EXERCISE OBJECTIVE:
Although pictures appear in the data, the answer should contain only the lines from its start through the line with "Магнитная клавиатура Huawei", written out exactly.

DATASET CONTENT:
+---+
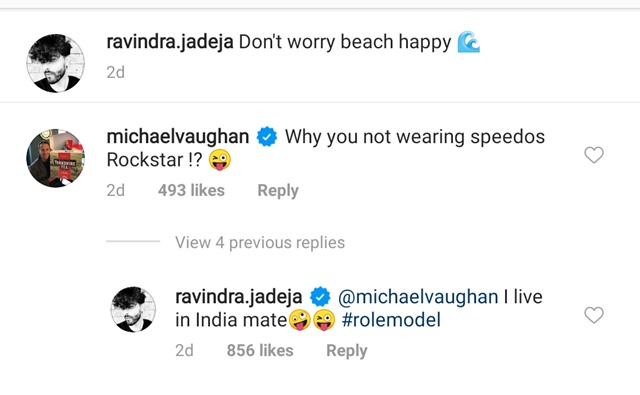 Ravindra Jadeja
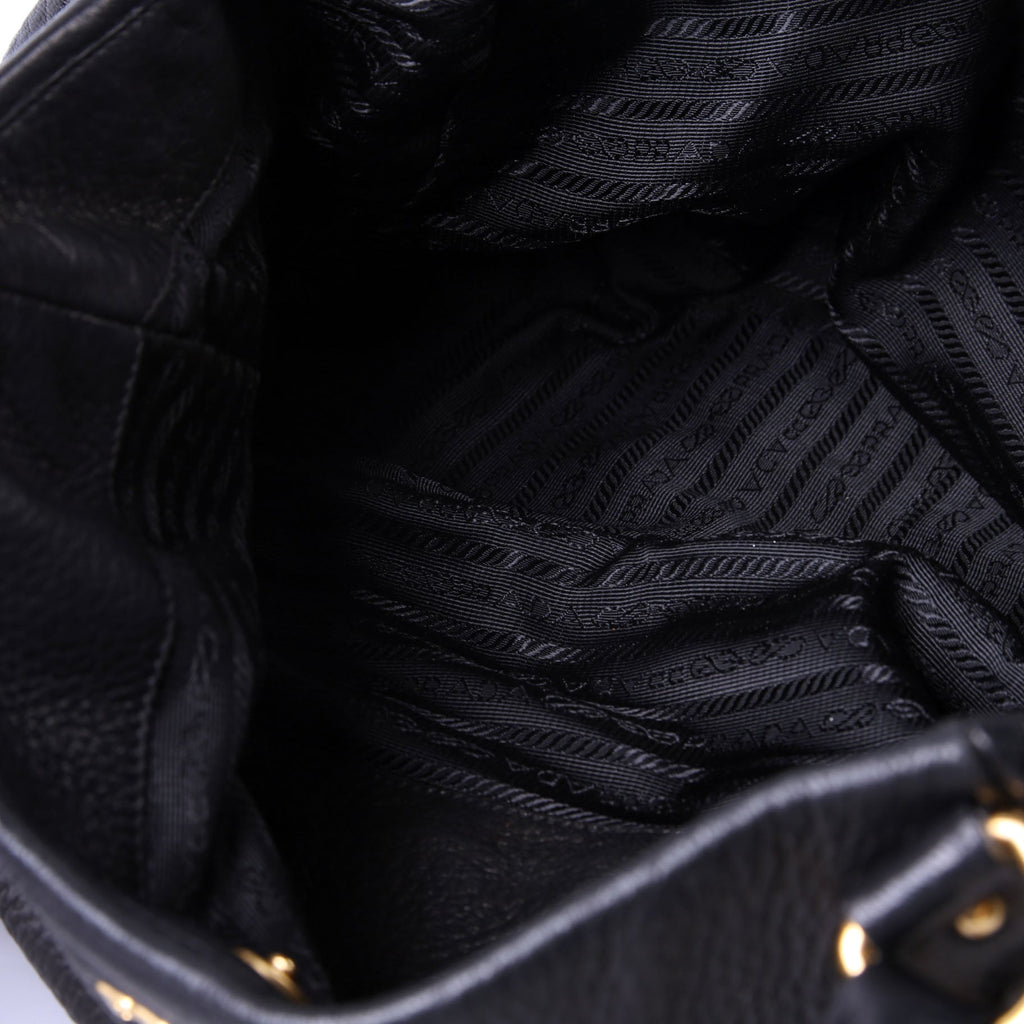 Prada BR4108 Cervo Shopping Bag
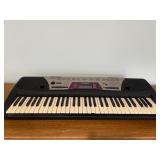 107 YamahaPSR172DigitalKeyboard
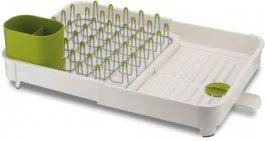Joseph Joseph Suszarka do naczyń Extend zielona - 85071 - Suszarki do naczyń - miniaturka - grafika 2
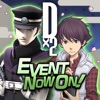 SHIN MEGAMI TENSEI D×２ icon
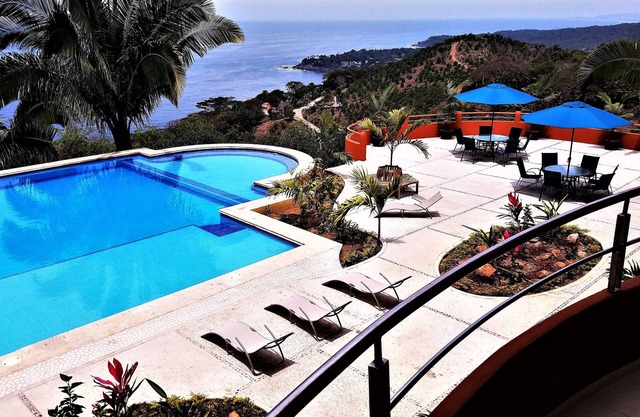 Ocean At Vista Encantada 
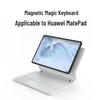 Магнитная клавиатура Huawei MatePad Pro 11" / 10.8" / 13.2" Сенсорный планшет
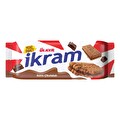 Ülker İkram Çikolatalı Kremalı Bisküvi 84 Gr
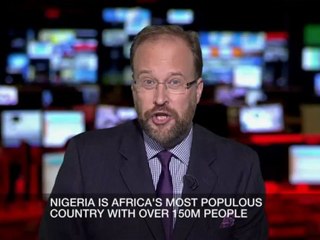 Inside Story - Who are Nigeria's Boko Haram?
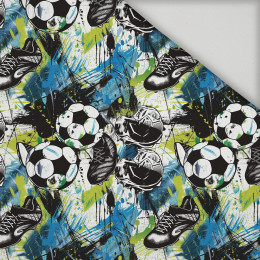 FOOTBALL - quick-drying woven fabric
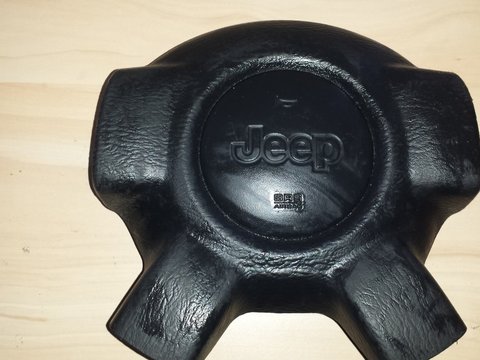 Airbag volan pentru Jeep 02-07 cod:5gg30trmac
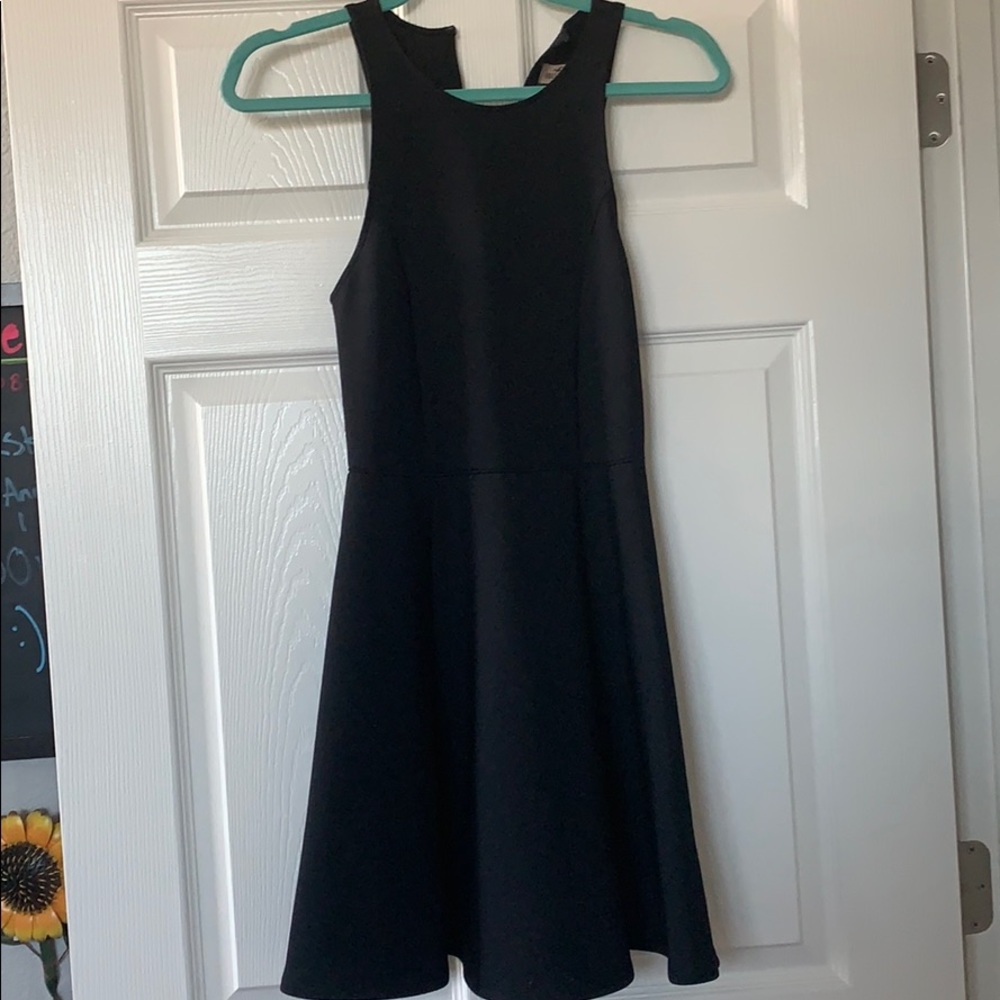 skater dress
+---+
RESPONSE TO THE TASK:
 Ravindra Jadeja
 Prada BR4108 Cervo Shopping Bag
 107 YamahaPSR172DigitalKeyboard
Joseph Joseph Suszarka do naczyń Extend zielona - 85071 - Suszarki do naczyń - miniaturka - grafika 2
 SHIN MEGAMI TENSEI D×２ icon
 Ocean At Vista Encantada 
 Магнитная клавиатура Huawei MatePad Pro 11" / 10.8" / 13.2" Сенсорный планшет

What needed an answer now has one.